My analysis predicts that Trump would be more likely to be creative and resilient, if he’s manic, but less likely to be empathic or realistic if he hasn’t been depressed. Taking Trump at his word, that he’s “a very stable genius,” and thus never has been depressed, that could weaken his crisis leadership skills if it also means that he is less likely to connect with the pain of his political opponents, whether the victims of a virus that harms his reelection prospects or the non-white victims of racism.


Having a manic personality without any depression might help explain some of his unrealistic responses to the coronavirus pandemic. He floated the medically impossible idea that the crisis would end by Easter, complaining about public health restrictions, and hyping poorly proven—or even dangerous—treatments. At the same time, he has shown that he is willing to be bold, approving an economic plan that accepts the welfare-state-like concept of cash payments to individuals.


He initially held daily press briefings as the face of the government response, which could be interpreted positively as a sign of stamina in a crisis. Yet the briefings also provided more evidence of manic traits: self-importance (berating and demeaning reporters, answering medical questions in place of experts, bragging about his press briefing TV ratings), attacks on opponents, unrealistic instincts about the future (overhyping some medication treatments and overly optimistic timelines for ending quarantine), and talkativeness, and relatively little empathy for those who’ve suffered. An analysis of 13 hours of his briefings found that he spent about two hours attacking his opponents, 45 minutes praising himself and his administration, and less than five minutes giving consolation to victims of the pandemic. Contrast that with his political twin, U.K. Prime Minister Boris Johnson, who also seems to show manic personality traits (famously high energy with reported sexual affairs) and who has clinical depression in his family (his mother was hospitalized for it). After spending several nights in intensive care for COVID-19, Johnson spoke to the anxieties and pain of the public while explaining the need for the lockdown to continue.

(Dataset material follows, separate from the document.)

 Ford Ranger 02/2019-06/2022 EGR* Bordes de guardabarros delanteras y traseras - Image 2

Before this pandemic, as an impulsive president in a time of prosperity, Trump stoked social and political conflict that could have been tempered or avoided by another kind of leader. In the midst of nationwide racial tension not seen in half a century, he has taken an antagonistic stance toward protesters.

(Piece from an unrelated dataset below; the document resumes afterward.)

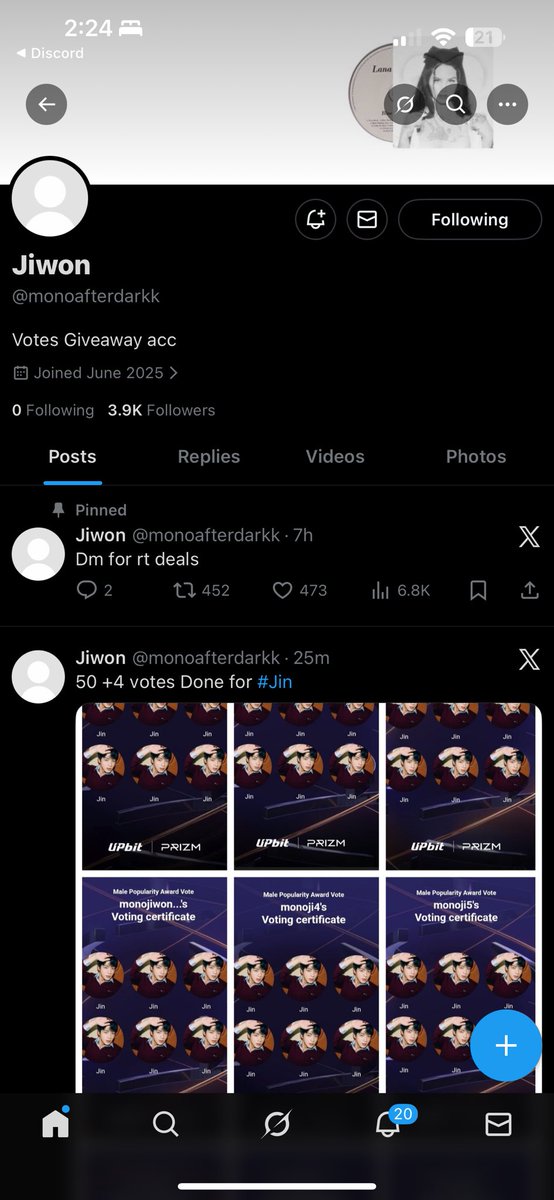 ForrEnhypen's tweet photo. @monoafterdarkk @EN_POLL_ #ENHYPEN https://t.co/iUBQyAaW1U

In another crisis a century and a half ago, with over half a million dead, another Republican president, who was depressed rather than manic, got reelected, and in his victory speech, he didn’t gloat. Rather, he expressed malice toward none, and charity for all.


If my analysis is correct, a president who was both manic and depressed, not just one without the other, would have been better equipped than the current president to give succor to the nation and to show charity for all, the absence of which has cost hundreds of thousands of lives.


PS: This essay has been difficult to publish, despite verified reporting from ABC News that forms its basis. It was rejected by many media sources, including one that initially accepted it but then rejected it at final editorial review with the claim that one could not prove that the president never had depression. This experience reflects, in my view, the harmful effect of the APA's Goldwater Rule in contemporary society, with an excessive muzzling of psychiatric discourse.